Task to carry out> Print the data exactly, leaving nothing out.

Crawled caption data
━━━━━━━━━━

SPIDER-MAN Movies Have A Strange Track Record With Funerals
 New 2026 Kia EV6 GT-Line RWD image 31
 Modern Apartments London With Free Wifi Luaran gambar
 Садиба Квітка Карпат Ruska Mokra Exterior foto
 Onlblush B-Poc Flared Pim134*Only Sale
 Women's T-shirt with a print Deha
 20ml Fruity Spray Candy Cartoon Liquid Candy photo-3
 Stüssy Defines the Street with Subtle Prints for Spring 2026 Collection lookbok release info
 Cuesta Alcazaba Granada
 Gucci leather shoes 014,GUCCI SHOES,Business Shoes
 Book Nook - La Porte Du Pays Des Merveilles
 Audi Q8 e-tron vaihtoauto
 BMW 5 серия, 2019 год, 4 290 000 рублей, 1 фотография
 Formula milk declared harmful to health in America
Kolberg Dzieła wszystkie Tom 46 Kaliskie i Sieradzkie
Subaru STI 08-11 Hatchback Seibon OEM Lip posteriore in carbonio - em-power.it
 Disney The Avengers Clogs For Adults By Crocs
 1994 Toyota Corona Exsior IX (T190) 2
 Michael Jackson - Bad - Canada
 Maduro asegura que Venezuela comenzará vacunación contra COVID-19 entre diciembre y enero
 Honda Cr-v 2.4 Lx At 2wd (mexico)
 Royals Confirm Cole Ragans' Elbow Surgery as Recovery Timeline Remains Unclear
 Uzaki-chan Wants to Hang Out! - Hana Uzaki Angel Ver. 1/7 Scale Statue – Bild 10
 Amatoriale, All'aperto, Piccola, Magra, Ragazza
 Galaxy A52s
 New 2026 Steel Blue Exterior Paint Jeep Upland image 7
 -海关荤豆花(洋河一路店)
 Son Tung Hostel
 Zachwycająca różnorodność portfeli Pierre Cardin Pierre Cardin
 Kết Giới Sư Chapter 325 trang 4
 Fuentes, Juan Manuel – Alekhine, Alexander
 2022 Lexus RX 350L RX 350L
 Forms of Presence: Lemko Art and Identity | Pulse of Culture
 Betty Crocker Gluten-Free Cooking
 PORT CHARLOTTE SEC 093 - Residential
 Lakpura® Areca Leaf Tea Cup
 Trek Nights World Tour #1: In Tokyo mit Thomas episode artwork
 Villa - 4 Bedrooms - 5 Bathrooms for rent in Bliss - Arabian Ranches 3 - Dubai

━━━━━━━━━━

Solution to this task>
SPIDER-MAN Movies Have A Strange Track Record With Funerals
 New 2026 Kia EV6 GT-Line RWD image 31
 Modern Apartments London With Free Wifi Luaran gambar
 Садиба Квітка Карпат Ruska Mokra Exterior foto
 Onlblush B-Poc Flared Pim134*Only Sale
 Women's T-shirt with a print Deha
 20ml Fruity Spray Candy Cartoon Liquid Candy photo-3
 Stüssy Defines the Street with Subtle Prints for Spring 2026 Collection lookbok release info
 Cuesta Alcazaba Granada
 Gucci leather shoes 014,GUCCI SHOES,Business Shoes
 Book Nook - La Porte Du Pays Des Merveilles
 Audi Q8 e-tron vaihtoauto
 BMW 5 серия, 2019 год, 4 290 000 рублей, 1 фотография
 Formula milk declared harmful to health in America
Kolberg Dzieła wszystkie Tom 46 Kaliskie i Sieradzkie
Subaru STI 08-11 Hatchback Seibon OEM Lip posteriore in carbonio - em-power.it
 Disney The Avengers Clogs For Adults By Crocs
 1994 Toyota Corona Exsior IX (T190) 2
 Michael Jackson - Bad - Canada
 Maduro asegura que Venezuela comenzará vacunación contra COVID-19 entre diciembre y enero
 Honda Cr-v 2.4 Lx At 2wd (mexico)
 Royals Confirm Cole Ragans' Elbow Surgery as Recovery Timeline Remains Unclear
 Uzaki-chan Wants to Hang Out! - Hana Uzaki Angel Ver. 1/7 Scale Statue – Bild 10
 Amatoriale, All'aperto, Piccola, Magra, Ragazza
 Galaxy A52s
 New 2026 Steel Blue Exterior Paint Jeep Upland image 7
 -海关荤豆花(洋河一路店)
 Son Tung Hostel
 Zachwycająca różnorodność portfeli Pierre Cardin Pierre Cardin
 Kết Giới Sư Chapter 325 trang 4
 Fuentes, Juan Manuel – Alekhine, Alexander
 2022 Lexus RX 350L RX 350L
 Forms of Presence: Lemko Art and Identity | Pulse of Culture
 Betty Crocker Gluten-Free Cooking
 PORT CHARLOTTE SEC 093 - Residential
 Lakpura® Areca Leaf Tea Cup
 Trek Nights World Tour #1: In Tokyo mit Thomas episode artwork
 Villa - 4 Bedrooms - 5 Bathrooms for rent in Bliss - Arabian Ranches 3 - Dubai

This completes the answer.